Introduction to JDBC Streaming for Java Developers

Awesome Lists containing this project

README

        

# Introduction to JDBC Streaming for Java Developers

With Microservices gaining a lot more traction in recent years, traditional enterprises running large, monolithic Java EE applications have been forced to rethink what they’ve been doing for nearly two decades. The need to modernise existing applications combined with new business requirements ultimately leads to changing technology stacks. Especially the hunt for high throughput and low resource consumption makes Reactive systems and Fast Data solutions extreme attractive. Instead of a greenfield development, most companies will work their steps towards these new challenges in risk free, smaller steps. A key to success with this approach is to find the suitable integration scenarios that support and protect both worlds. This is the first recipe in a series looking at Alpakka connectors and example integrations.

## Introduction
Before diving into the code example, a little bit of background on the relevance of streaming and interaction with existing applications will help with identifying the overall architectural use-cases.

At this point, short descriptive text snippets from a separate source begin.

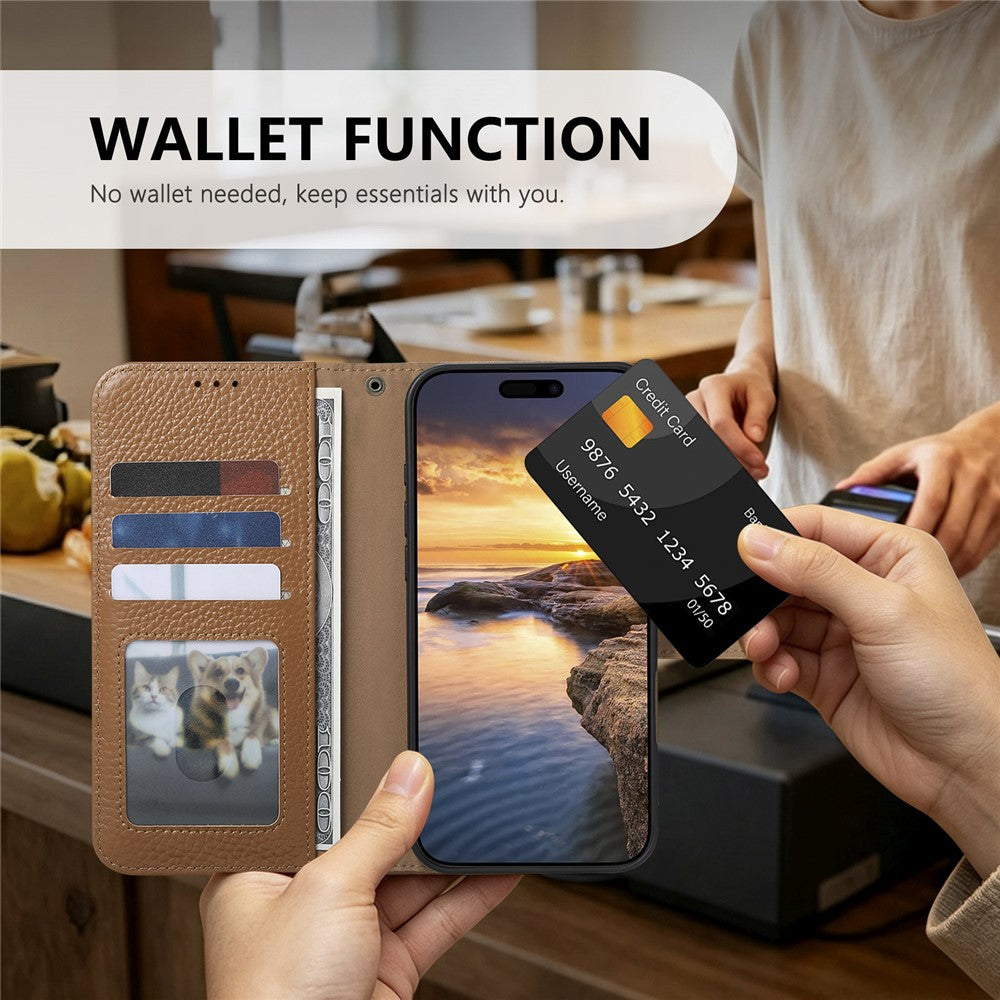 For Xiaomi 17T Case Split Leather Wallet RFID Blocking Phone Cover with Tempered Glass Screen Protector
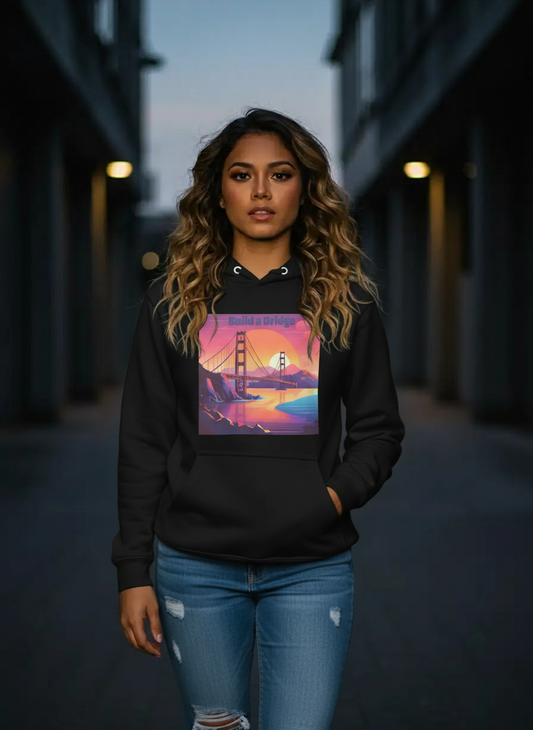 Build a bridge - Womens Hoodie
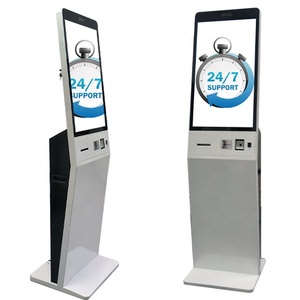 32 ''Thiết kế mỏng kiosk với nhận dạng khuôn mặt máy ảnh máy in nhiệt QRcode Scanner Ngân Hàng Đầu đọc thẻ & đầu đọc dấu vân tay - Product Image 5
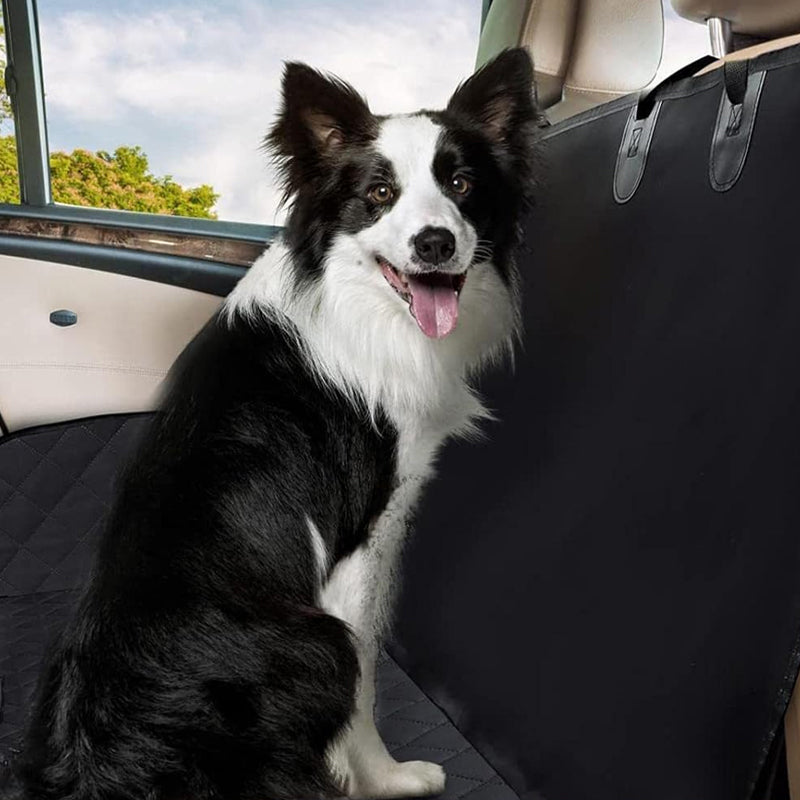 PETSWOL Dog Car Back Seat Cover - Black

### Streams in a monolithic world
Classical Big Data solutions have a couple of components. Ingesting events through a message broker, processing them in some kind of engine and storing them in a database or distributed filesystem. Monolithic applications can access the crunched data in the format that is needed. While these kind of architectures have many names (Data Warehousing, Analytics, etc) and come in a variety of styles (Hadoop, MapReduce, ETL, etc) they have one thing in common which is that they process workloads in batches.

Figure 1. Classical messaging solutions
Figure 1.Classical messaging solutions

This approach worked just fine until a couple of years ago. With the growing amount of data coming in from even more connected devices, the incremental updates or hourly batch runs are no longer sufficient enough to give a competitive advantage or even worse, won't allow the implementation of new business models. For example problems that are more
obviously “real time,” like detecting fraudulent financial activity as it happens can only be solved with low latency stream processing. However, streaming imposes new challenges that go far beyond just making batch systems run faster or more frequently. Streaming introduces new semantics for analytics. It also raises new operational challenges.
A complete reference architecture for Fast Data can be seen in the free O'Reilly Report by Dean Wampler: [Fast Data Architectures For Streaming Applications](https://info.lightbend.com/COLL-20XX-Fast-Data-Architectures-for-Streaming-Apps_LP.html).

The implications of these new architectures for classical monoliths are dramatic. Even if some platforms support asynchronous processing via REST or bidirectional streaming communication with e.g. WebSockets the majority of centralised systems is based on a blocking and synchronous server model (eg. Java EE). To modernise these systems in order to stay competitive the strangler pattern is an often used approach.

Figure 2. Strangler Architecture with Streams
Figure 2. Strangler Architecture with Streams

Mixing fast and slow producers and consumers is the biggest challenge here. And just increasing buffer sizes until some hardware limit is reached, eg. memory isn't a solution. This is where backpressure comes into play. It helps to avoid unbounded buffering across asynchronous boundaries. You can learn more about [Akka Streams, backpressure and asynchronous architectures](https://www.lightbend.com/blog/understanding-akka-streams-back-pressure-and-asynchronous-architectures) in a talk by Konrad Malawski.
Also, looking at the database and the JDBC specification it quickly becomes clear, that most databases don't support non-blocking, asynchronous calls. Introducing blocking code in a stream based solution won't work.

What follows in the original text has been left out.